En juin 2020, la cour d’appel de Gand a toutefois rendu un arrêt considérant la charge comme admissible dans la succession du conjoint survivant… mais cet arrêt ne peut être invoqué que pour les successions ouvertes avant la date d’entrée en vigueur du décret. "Depuis lors, cette technique est donc abandonnée en Flandre", résume l’avocat fiscaliste. Une première imposition intervient donc dans la succession du conjoint prédécédé et une deuxième dans la succession du conjoint survivant.

Ressuscitée en Wallonie

Bien que rien de tel n’ait été décidé en Wallonie ni à Bruxelles, plus personne n’a osé recourir à cette clause compte tenu de la posture sévère adoptée par Vlabel. "Les notaires sont très réticents à l’idée d’inclure une telle clause dans leurs actes. Ces cinq dernières années, je ne l’ai rencontrée qu’une fois", constate Martin Vanden Eynde, expert patrimonial licencié en notariat (successio.be).
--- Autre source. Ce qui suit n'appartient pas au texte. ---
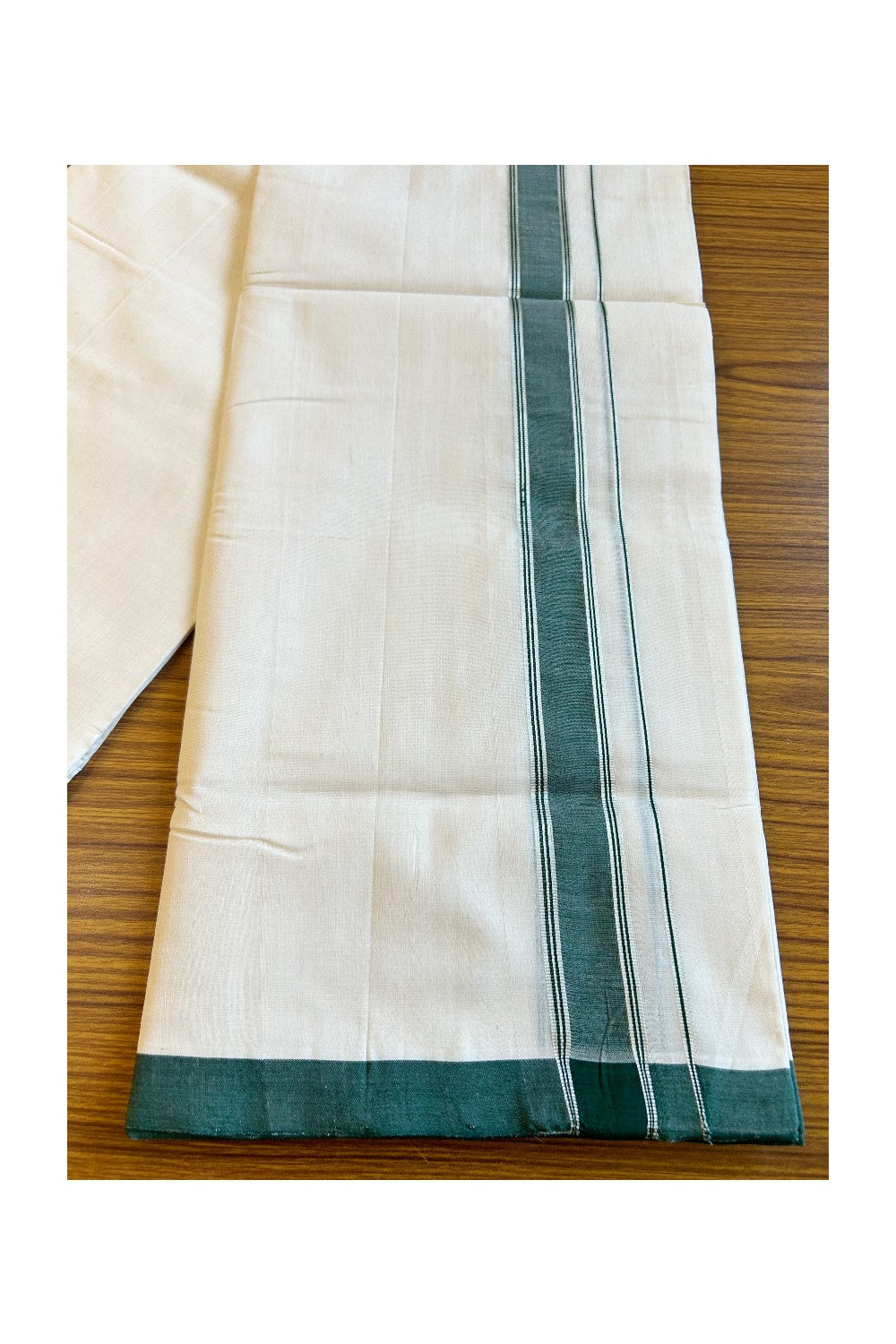 25% DISCOUNT!! KaithariKada HANDLOOM UNAKKUPAAV Balaramapuram - 100% PURE Cotton OFF White (Unbleached) Double Mundu/Dothi - 2 Inch Green & silver Kara - 24KK456KK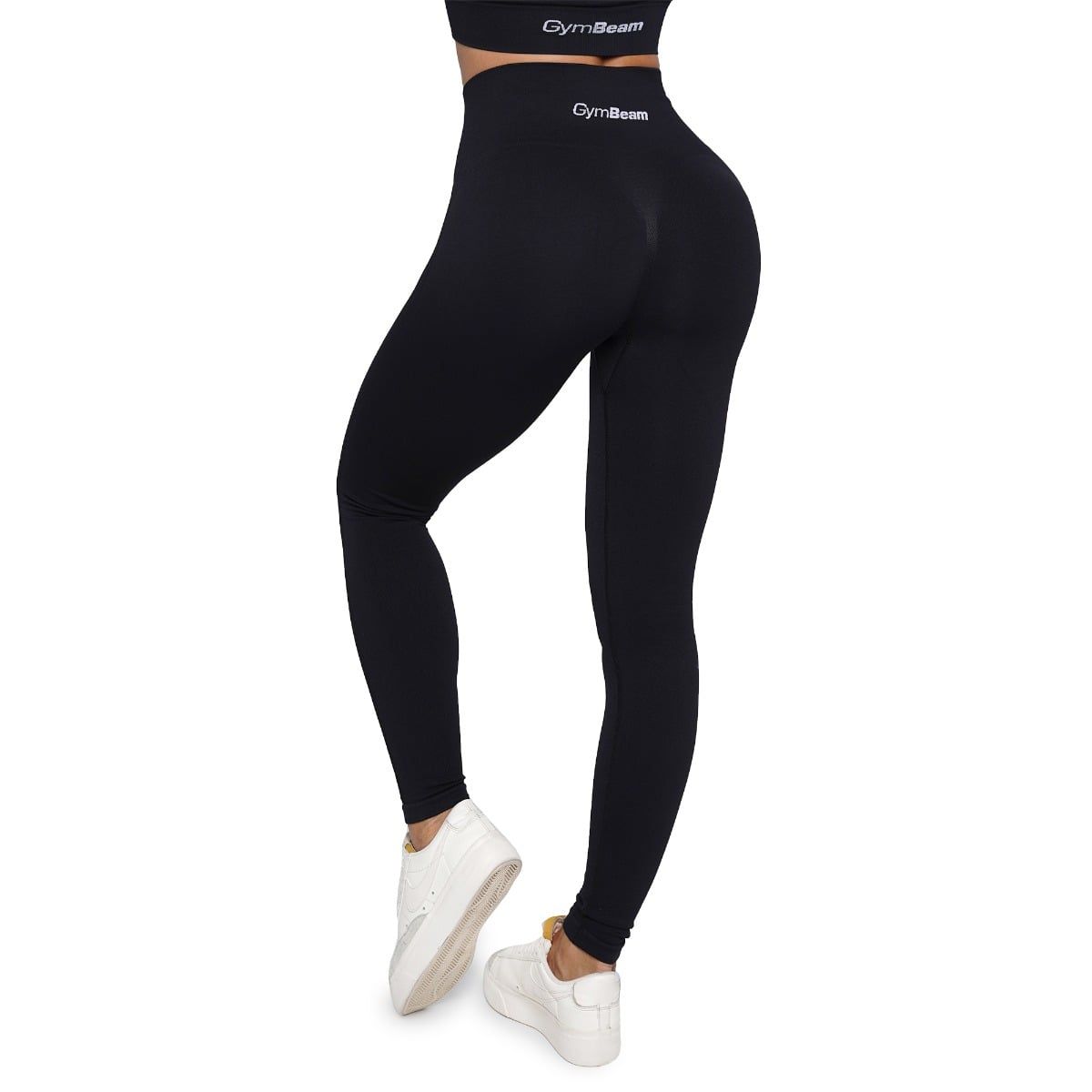GymBeam Leggings donna Lift Seamless a vita alta senza cuciture e senza tasche nero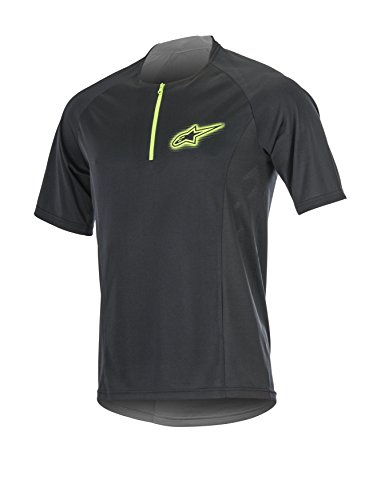 Alpinestars Rover 2 del Hombres Manga Corta Jersey, Hombre, Color Black Bright Green, tamaño Medium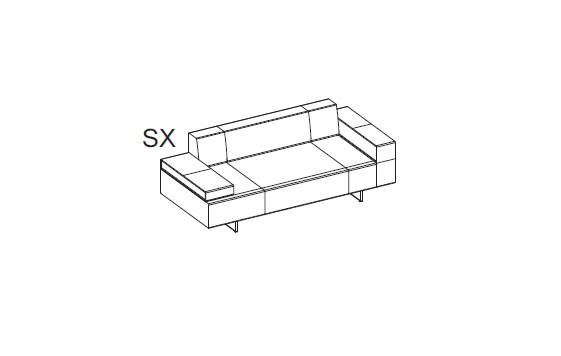 Левосторонний двухместный диван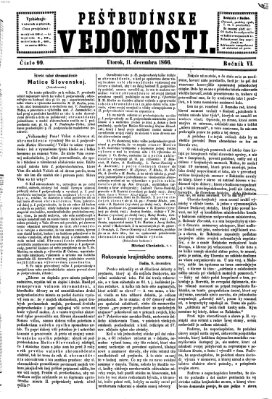 Pešťkbudínske vedomosti Dienstag 11. Dezember 1866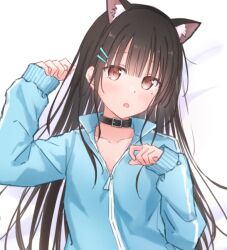 1girl animal_ear_fluff animal_ears black_choker black_hair blue_jacket blush brown_eyes cat_ears choker collarbone hair_between_eyes hair_ornament hairclip jacket kutatsu_(kutatsu7) long_hair long_sleeves looking_at_viewer mole mole_under_eye open_mouth original partially_unzipped solo upper_body yuki_(kutatsu)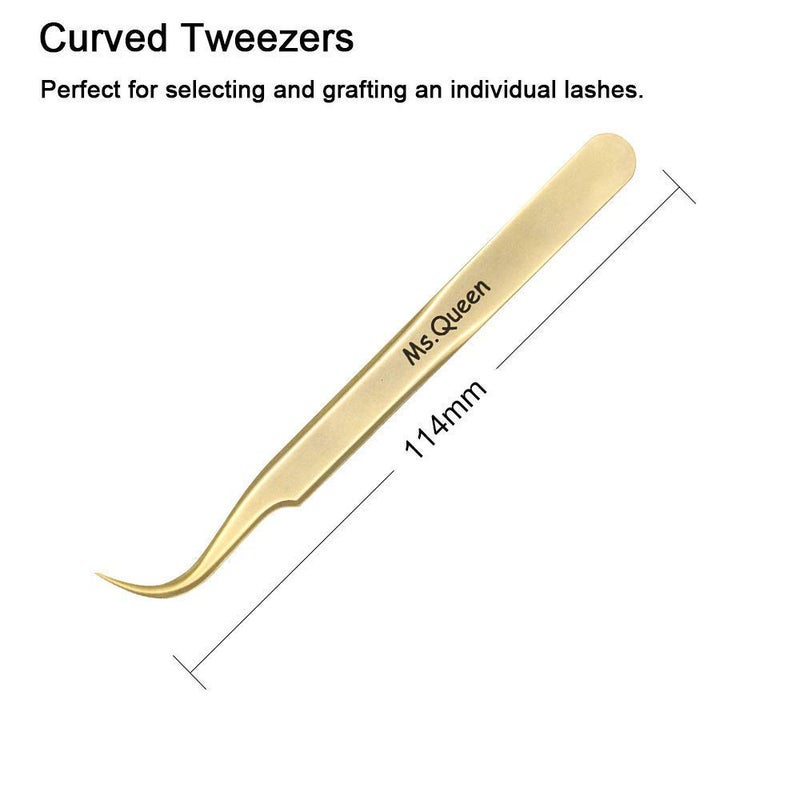 Ms.Queen Eyelash Extension Tweezers-Precision Tweezers for 2D-6D Volume&Individual False Lashes Extensions-Golden-Curved Tweezers - Image 3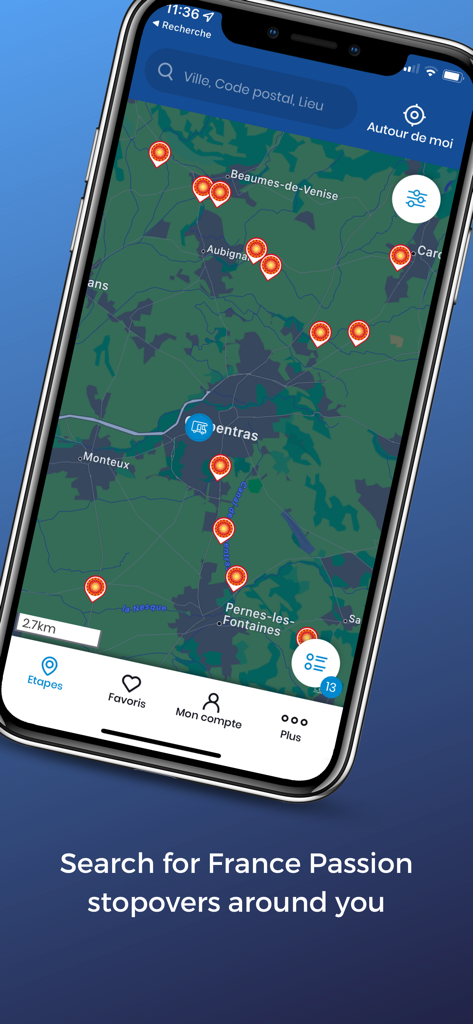 Vista de mapa de la aplicación móvil France Passion mostrando ubicaciones de paradas para autocaravanas cerca de Carpentras en Francia.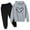 Gray, variant on Brondbend Sweat Suits for Girls Kids Hoodies Set 2-Piece Long Sleeved Print Casual Pullover and Elastic Waist Long Pants Set Loose Fit Fall Winter Athletic Comfortable Outfit,Black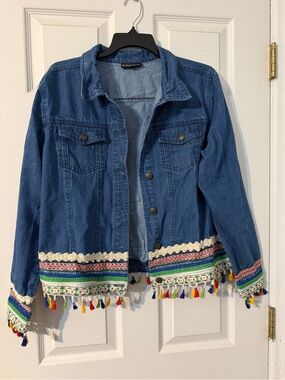 The Pyramid Collection Womens L Denim Blue Fringe Trim Jean Jacket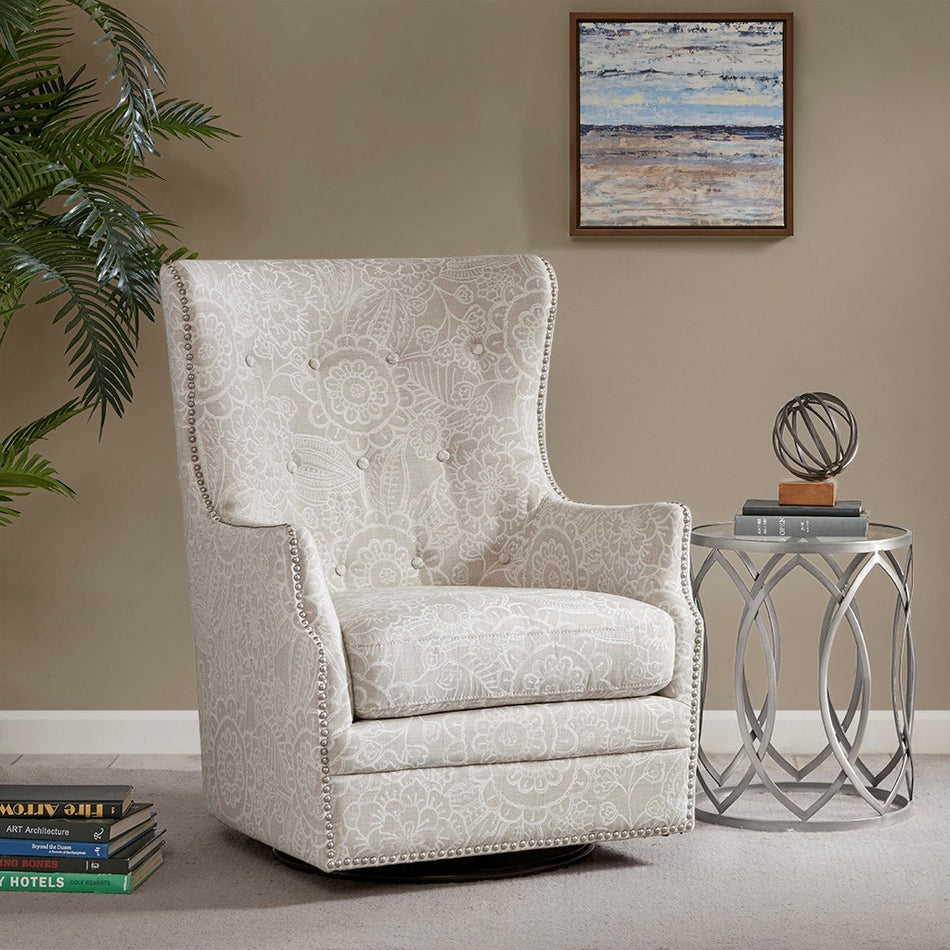 Madison Park Ella Swivel Glider Chair - Cream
Mais une récente évolution pourrait changer la donne. En 2016, alors que le fisc wallon avait refusé de tenir compte de la charge d’une clause Casman, des héritiers avaient contesté et porté l’affaire en justice. Le tribunal de première instance leur a donné gain de cause et un arrêt de la cour d’appel de Mons (22 janvier 2021) a "ressuscité" la clause, confirmant très clairement qu’elle n’était pas constitutive d’un abus fiscal, constate Joséphine de Grand Ry, Estate Planner chez BNPParibas Fortis dans un article publié en ligne.

Des arguments pour que Bruxelles emboîte le pas

La Région bruxelloise ne s’est pas encore prononcée sur la question, mais dispose du même texte que la Région wallonne. Aucun changement législatif n'est intervenu, et ce, contrairement à la Flandre (décret du 24.12.17). "L’arrêt de la cour d’appel de  Mons ne manquera pas d’avoir un impact favorable à Bruxelles", estime Grégory Homans.

Oser la clause Casman?

Les professionnels conseilleraient-ils pour autant à des clients de prévoir une clause Casman? La prudence reste malgré tout de mise.

"La situation paraît plus favorable que défavorable. Au regard de la loi, la technique est valable. L’une des cinq cours d’appel l’a d’ailleurs validée. Si un client n’est pas parfaitement confortable avec cette clause et souhaite  bénéficier d’une sécurité absolue, il est possible de demander un ruling fiscal", suggère Me Homans. 

"Si on utilise cette clause, autant en faire l’une des options de la clause d'attribution optionnelle. Ainsi, le survivant pourra décider de l'utiliser (ou pas) en fonction des circonstances (notamment changement de loi ou de jurisprudence dans l'intervalle)", conseille pour sa part Martin Vanden Eynde.

"La clause Casman est à comparer avec la clause de participation aux acquêts (en régime de séparation des biens) qui, elle aussi, présente des avantages en droits de succession en Région wallonne et bruxelloise", ajoute-t-il.

Pourquoi pas plutôt un testament?

"La clause offre davantage de souplesse", relève Me Grégory Homans.
- Elle permet de contourner en toute légalité la réserve héréditaire d’enfants communs. "En effet, un avantage matrimonial ne peut, sous réserve de certaines exceptions,  être contesté par des enfants", explique l’avocat.
- Elle permet au conjoint survivant de profiter comme il l’entend, sans devoir faire de reddition de comptes. "Rien n’empêche le conjoint survivant de dilapider (consommer ou négliger) les biens ayant fait partie de ce patrimoine, ce qui aurait comme lourde conséquence que les enfants ne recueilleraient rien et seraient ainsi de facto déshérités", confirme Martin Vanden Eynde.